Você não leu direito. O ônibus pode sair limpo para a viagem. Se no percurso o banheiro é usado vai incomodar para refeição que é feita no ônibus. Eles não chegam lá e vão passear em restaurante não. É marmita mesmo, estão indo a tratamento.

Que "cagada"
29 dias atrás

Nunca imaginei que uma cagada fosse dar tanta merda. (Assunto)
De um lado, Bozó – o cagão.
Do outro lado, os pacientes que não querem que use o banheiro.
No meio, o prefeito municipal.
E no final, a história termina igual papel higiênico: no rolo, ou na merda.
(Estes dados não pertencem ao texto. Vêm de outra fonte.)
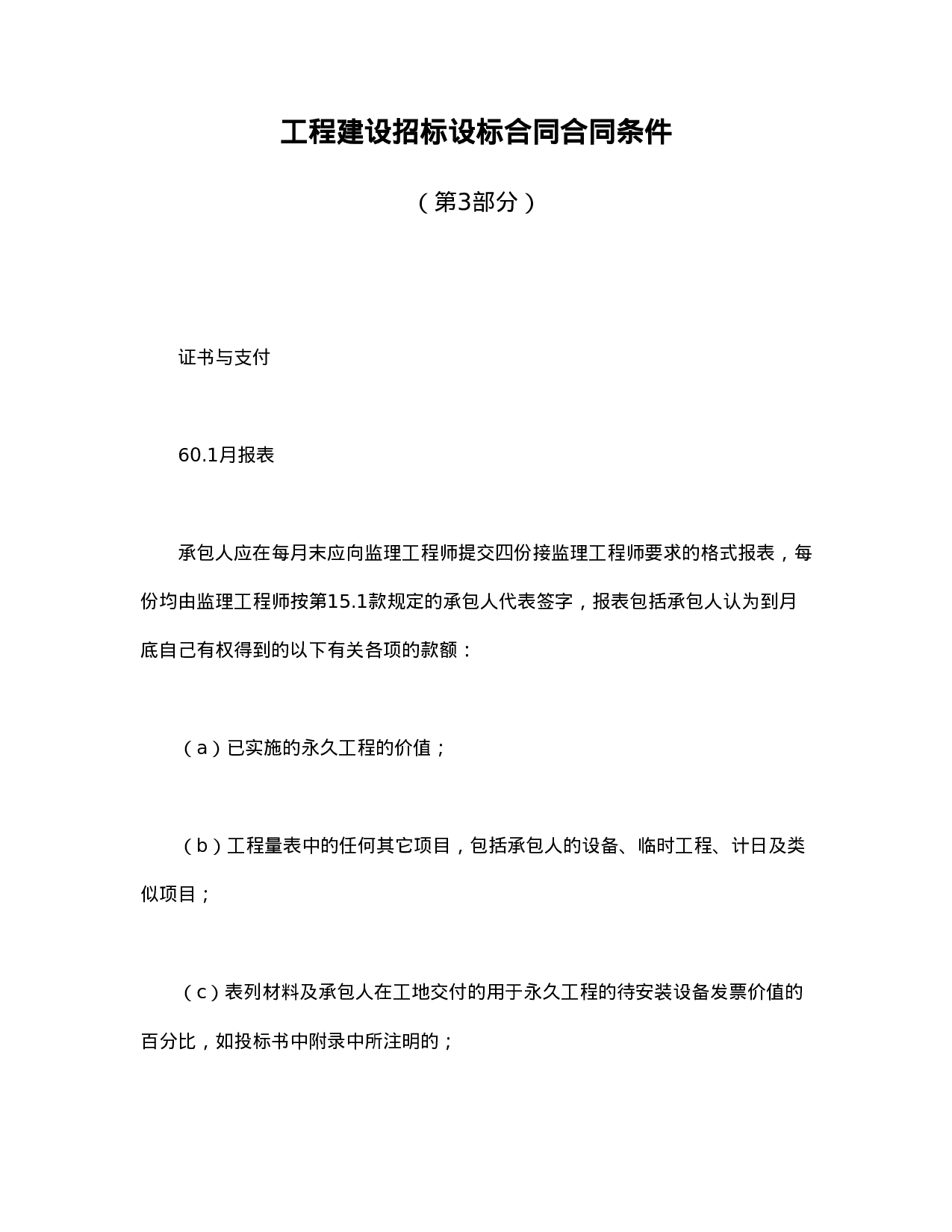 工程建设招标设标合同合同条件（第3部分）.doc 第1页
Que cagada..

Kkkk
29 dias atrás
Resposta para  Que "cagada"

Kkkkkkkk

Então...
29 dias atrás

Parabéns aos pacientes, decisão muito acertiva, sai eles que usam o transporte, e fazem o tratamento, só eles sentem na pele as consequências de tal.
Tenho é dó dos motoristas, que aguentam cada coisa absurda, uso o transporte pra tratamento em BH, não tenho nada a reclamar dos motoristas, muito pelo contrário, tem um pacientes que são folgados, xingam, fala merda demais.
Não está bom pra vc, vai de carro próprio.

Sem nome
30 dias atrás

Esse é o Edinho que conheço. Justo, humano, razoável

João
29 dias atrás
Resposta para  Sem nome

O Edinho é o maior larápio da cidade.